Bay of Plenty District Health Board has one of the lowest vaccination rates in the country with just 13 per cent of the total population protected against Covid-19.
And despite about a third of the DHB's population being Māori, only 6.4 per cent have been vaccinated.
In the Lakes DHB, with almost 40 per cent of the population being Māori, the general vaccination rate is 15.7 per cent, yet 7.2 per cent for Māori.
The Bay of Plenty health board did not specifically respond to questions regarding the clear inequity between groups, instead stating there was "a lot of work to do".
Covid-19 incident controller Trevor Richardson said more than 50 per cent of Māori residents in the Bay of Plenty district aged 65 years and older had received their first dose of Pfizer vaccine, as of July 23.
"We still have a lot of work to do to ensure our Māori communities are comfortable to receive the vaccine as it is the best way to protect our whānau."
Richardson said the health board was working closely with local iwi and Māori health providers on local solutions, particularly in remote areas.
"An example is a 'whole of population' vaccination approach rolled out in Te Kaha in May, which has been extremely successful.
"For smaller areas like Te Kaha, the logistics of mobilising a vaccination team are more complex and so where we apply this approach, it is more practical to vaccinate the whole community rather than breaking the population into sub-groups."
The health board were building on this momentum by taking a similar approach with mobile outreach services to communities with a higher proportion of Māori.
"We have also undertaken a significant outreach programme through marae, and iwi networks, and are about to roll out a new campaign to increase awareness about the vaccination and how to access it.
"Our vaccination event for Pasifika seasonal workers in mid-July was also extremely successful, with over 500 people being vaccinated over two days at our Baypark community vaccination centre."
Bay of Plenty DHB chief executive Pete Chandler said achieving equity was a priority and they were working closely with iwi and Māori health providers to reach remote areas with higher Māori populations.
"As we move into the full-scale rollout we are expecting the equity gap will close, but this is something we all need to work together on."
An example of this in action was Te Puna Ora o Mataatua launching a mobile vaccination centre this week, chief executive of the trust, Dr Chris Tooley said.

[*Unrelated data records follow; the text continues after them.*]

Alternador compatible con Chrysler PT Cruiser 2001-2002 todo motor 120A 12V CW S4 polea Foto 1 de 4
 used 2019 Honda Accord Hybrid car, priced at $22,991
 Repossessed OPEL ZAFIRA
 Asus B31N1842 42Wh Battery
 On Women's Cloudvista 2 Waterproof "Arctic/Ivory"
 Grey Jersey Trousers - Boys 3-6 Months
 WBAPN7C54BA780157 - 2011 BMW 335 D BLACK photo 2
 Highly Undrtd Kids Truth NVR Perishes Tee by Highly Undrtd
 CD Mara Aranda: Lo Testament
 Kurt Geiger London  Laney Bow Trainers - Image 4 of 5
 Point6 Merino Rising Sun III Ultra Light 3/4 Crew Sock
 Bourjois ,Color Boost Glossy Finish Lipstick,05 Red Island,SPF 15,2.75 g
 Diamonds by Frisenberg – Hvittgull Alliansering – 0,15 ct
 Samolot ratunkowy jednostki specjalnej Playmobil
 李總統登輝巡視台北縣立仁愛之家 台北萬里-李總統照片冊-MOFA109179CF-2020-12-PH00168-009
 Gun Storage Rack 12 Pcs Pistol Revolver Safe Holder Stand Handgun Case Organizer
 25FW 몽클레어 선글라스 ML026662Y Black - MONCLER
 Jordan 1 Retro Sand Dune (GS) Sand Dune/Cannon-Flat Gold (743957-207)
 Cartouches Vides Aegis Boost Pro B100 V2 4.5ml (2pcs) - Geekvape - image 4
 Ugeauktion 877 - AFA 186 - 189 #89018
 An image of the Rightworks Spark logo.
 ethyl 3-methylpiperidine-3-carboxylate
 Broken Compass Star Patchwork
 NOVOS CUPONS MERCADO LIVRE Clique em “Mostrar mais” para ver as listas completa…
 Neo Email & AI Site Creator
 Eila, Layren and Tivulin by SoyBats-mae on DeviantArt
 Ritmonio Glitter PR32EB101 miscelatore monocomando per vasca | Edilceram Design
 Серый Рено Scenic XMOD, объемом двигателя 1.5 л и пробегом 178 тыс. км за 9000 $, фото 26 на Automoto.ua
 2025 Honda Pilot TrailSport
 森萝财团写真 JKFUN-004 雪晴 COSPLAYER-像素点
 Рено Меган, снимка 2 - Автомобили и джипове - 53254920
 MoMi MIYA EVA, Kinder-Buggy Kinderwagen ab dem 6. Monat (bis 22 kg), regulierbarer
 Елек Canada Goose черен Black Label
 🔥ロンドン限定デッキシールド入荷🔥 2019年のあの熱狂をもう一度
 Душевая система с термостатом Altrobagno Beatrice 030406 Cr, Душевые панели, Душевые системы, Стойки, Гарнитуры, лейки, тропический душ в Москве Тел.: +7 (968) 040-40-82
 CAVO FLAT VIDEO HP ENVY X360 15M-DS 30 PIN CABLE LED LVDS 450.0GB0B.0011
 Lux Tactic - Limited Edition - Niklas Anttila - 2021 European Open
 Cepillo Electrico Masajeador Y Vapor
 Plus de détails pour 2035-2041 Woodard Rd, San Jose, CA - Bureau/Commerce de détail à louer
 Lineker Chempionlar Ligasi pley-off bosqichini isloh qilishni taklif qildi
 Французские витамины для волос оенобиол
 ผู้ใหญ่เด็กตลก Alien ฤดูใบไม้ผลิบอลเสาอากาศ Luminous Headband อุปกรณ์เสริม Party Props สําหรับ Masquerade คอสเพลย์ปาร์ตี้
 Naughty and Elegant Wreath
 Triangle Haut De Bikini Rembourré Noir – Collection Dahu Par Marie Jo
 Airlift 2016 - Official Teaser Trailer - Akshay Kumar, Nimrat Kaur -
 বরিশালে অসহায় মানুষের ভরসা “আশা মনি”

"The Eastern Bay of Plenty is behind on where we want to be when it comes to vaccination rates.
"To help with that we are removing barriers for those that need extra support, through location bookings and transport assistance."
The mobile team will soon be available for large group bookings. If you have a group of 30 to 60 people who want to be vaccinated in Mataatua, the team can come to you or provide transport to its Whakatāne site.
Med Central Practice manager Kahlise Hata said more Māori had died from Covid-19 in New Zealand than any other ethnic group.
"And we know from historical infectious diseases, like the flu, Māori are disproportionately affected."
The full-scale rollout has officially started this week with Group 4 given the green light on Wednesday.
In most DHBs the rate for Māori is about half the general population, while some are well below half.
Ministry of Health covid vaccination equity group manager Jason Moses told the Herald this week the low rates were "largely attributed" to the lower proportion of Māori in Groups 1 and 2 of the vaccination programme – particularly among the frontline healthcare workforce - and lower age demographic.
This was expected to narrow as they moved further into Groups 3 and 4, which both had higher proportions of Māori, he said.
The sequencing framework gave DHBs, which knew their communities best, the "flexibility to respond to their area's particular needs and tailor approaches that work best for their different populations", he said.
The Government had also set aside $39m to boost Māori vaccination rates, including nearly $30m to health providers for equity programmes.